(di Elisabetta Stefanelli)
FRANCESCO DE FILIPPO, 'TRIESTE È
UN'ISOLA. LE PRIME E INVOLONTARIE INDAGINI DI VINCENZO
TAGLIENTE' (Castelvecchi, pag. 169, Euro 17,50).
''Trieste? Trieste è un'isola. No, non nel senso che sta
'mmiez' 'o mare, irraggiungibile per terra, che per arrivarci
devi fare un viaggio in nave o in aliscafo o, se hai le
possibilità e non soffri il mal di mare, in barca a vela o
motoscafo. No, in un altro senso, tanto è vero che a Trieste ci
puoi arrivare
tranquillamente co' 'o treno, che viaggia in un corridoio
italiano tra terre straniere e 'o mare.
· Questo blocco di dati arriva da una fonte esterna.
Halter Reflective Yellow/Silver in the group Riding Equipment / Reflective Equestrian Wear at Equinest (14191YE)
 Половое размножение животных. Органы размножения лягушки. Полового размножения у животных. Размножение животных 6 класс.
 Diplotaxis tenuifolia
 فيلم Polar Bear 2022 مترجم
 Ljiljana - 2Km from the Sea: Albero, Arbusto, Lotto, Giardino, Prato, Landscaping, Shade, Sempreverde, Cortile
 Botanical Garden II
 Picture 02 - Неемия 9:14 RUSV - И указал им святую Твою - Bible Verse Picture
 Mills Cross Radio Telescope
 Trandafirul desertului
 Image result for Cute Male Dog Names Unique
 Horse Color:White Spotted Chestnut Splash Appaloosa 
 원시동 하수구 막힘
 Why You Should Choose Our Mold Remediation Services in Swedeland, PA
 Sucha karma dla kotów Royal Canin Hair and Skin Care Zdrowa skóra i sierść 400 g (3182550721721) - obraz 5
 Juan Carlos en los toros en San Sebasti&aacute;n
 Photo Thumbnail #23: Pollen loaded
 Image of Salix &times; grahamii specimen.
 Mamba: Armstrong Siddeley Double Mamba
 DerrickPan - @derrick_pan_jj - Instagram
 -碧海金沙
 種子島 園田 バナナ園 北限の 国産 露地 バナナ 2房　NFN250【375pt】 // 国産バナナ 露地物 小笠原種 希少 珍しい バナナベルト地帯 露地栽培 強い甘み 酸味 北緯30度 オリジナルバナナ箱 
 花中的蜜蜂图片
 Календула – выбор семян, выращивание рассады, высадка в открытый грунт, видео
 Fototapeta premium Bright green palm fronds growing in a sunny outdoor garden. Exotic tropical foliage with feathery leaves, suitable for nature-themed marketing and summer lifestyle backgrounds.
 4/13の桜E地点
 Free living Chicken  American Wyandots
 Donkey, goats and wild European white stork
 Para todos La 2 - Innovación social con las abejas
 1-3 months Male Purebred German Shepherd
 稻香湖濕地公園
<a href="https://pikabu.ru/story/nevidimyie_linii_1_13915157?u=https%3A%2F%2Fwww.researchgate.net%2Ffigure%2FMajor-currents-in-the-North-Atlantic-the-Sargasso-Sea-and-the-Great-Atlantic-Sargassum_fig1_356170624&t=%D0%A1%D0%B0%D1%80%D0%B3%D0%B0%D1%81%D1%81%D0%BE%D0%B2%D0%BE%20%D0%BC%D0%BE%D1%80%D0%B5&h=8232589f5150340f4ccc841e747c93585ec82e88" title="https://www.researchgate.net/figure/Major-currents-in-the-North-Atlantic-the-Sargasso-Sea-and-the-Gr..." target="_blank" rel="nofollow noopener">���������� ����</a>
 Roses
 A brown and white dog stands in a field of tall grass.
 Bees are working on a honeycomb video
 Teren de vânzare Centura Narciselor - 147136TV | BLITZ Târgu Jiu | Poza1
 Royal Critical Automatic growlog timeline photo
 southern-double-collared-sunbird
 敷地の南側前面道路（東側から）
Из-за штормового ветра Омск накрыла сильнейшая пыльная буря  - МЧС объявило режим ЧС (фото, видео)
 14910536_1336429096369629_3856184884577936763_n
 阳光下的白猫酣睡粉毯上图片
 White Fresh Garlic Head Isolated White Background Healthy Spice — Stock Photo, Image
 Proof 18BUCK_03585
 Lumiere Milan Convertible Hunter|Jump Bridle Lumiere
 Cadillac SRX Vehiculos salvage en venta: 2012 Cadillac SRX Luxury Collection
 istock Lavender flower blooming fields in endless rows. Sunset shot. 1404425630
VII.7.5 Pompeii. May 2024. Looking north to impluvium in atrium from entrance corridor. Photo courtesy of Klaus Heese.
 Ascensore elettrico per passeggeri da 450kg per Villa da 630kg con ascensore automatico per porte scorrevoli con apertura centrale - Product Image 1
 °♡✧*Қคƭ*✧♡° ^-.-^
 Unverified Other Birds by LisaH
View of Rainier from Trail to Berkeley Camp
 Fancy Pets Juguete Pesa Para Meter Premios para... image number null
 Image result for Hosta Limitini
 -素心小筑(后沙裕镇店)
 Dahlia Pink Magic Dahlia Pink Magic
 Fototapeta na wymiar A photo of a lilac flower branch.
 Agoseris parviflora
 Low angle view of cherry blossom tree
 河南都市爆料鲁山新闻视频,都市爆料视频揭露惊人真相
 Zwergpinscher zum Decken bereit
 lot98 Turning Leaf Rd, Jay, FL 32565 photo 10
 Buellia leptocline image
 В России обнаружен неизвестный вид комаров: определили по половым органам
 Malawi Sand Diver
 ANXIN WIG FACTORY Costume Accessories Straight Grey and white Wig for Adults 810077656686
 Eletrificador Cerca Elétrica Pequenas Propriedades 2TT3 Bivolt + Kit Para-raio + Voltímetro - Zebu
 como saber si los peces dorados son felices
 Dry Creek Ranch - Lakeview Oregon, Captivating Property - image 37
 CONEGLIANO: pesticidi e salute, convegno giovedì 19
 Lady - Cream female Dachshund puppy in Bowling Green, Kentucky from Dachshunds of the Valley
Nu paesaggio bello, mi
arricorda 'a costiera amalfitana. Ma quella è magica, chesta è
bella. Allora, qual è il senso? Voglio dire cioè che i triestini
hanno degli
isolani lo spirito: chella immagine sempre presente nel cervello
e dint' 'o core di essere unici e soli. E affiatati,
obbligatoriamente affratellati, perché tutti ugualmente
circondati ed esposti''. Ed è proprio in quest'isola, dove il
tempo si è fermato e le abitudini la fanno da padrona, poco
Italia poco Austria, mondo a parte, capita lui ''Tagliente
Vincenzo, di fu Antonio e di fu Quagliariello Giuseppa, di
Casavatore (bella chiavica), Napoli, 43 anni, ex agente sotto
copertura, poi messo in disparte per una vicenda poco chiara che
mo non mi va di spiegarvi''. È la sua voce dal forte accento
napoletano, dalla sonorità catilenante, che guida il lettore per
''Trieste'' nuovo romanzo di Francesco De Filippo per
Castelvecchi e sembra inaugurare una saga che ci speriamo
continui. Un uomo misterioso che vuole la pasta così al dente da
essere considerata cruda, per una spy story, un giallo, in un
mondo consumato, sospeso tra passato e presente. Sarà una
curiosa gita a Padriciano - meta obbligata per il viaggio della
memoria legato al dramma dell'Esodo giuliano-dalmata - a dare
una svolta alla sua noiosa vita sotto copertura, nella routine
impiegatizia in cui passa le sue giornate in un anonimo ufficio
postale. Lì nel campo si imbatte nell'enigmatica Anna Costorici,
una signora che parla un misto di quattro o cinque lingue ma non
l'italiano - almeno così sembrerebbe - con cui decide di passare
furtivamente la notte come fossero madre e figlio. Ma è solo
l'inizio di una storia molto complessa, che attraversa nodi
della nostra vita nazionale, questioni che ancora non sono
risolte in quella terra di confine in cui si trova Trieste ma
anche semplice storia di violenza e soprusi. E che tra migranti
di ieri e di oggi, arriva fino a sconfinare negli Stati Uniti,
''...nello Stato che professava la libertà, che si faceva
paladino della libertà e della democrazia''. Ma non è sempre è
così.
De Filippo racconta tutto questo con maestria mettendo
insieme un mosaico che vede non soltanto una straordinaria
ricchezza linguistica ma anche una sorta di fusione e
compenetrazione di piani e stili narrativi. È come se le forme
della scrittura trovassero tutte insieme un nido, e in questo è
calzante la metafora dell'isola che l'autore cita spesso.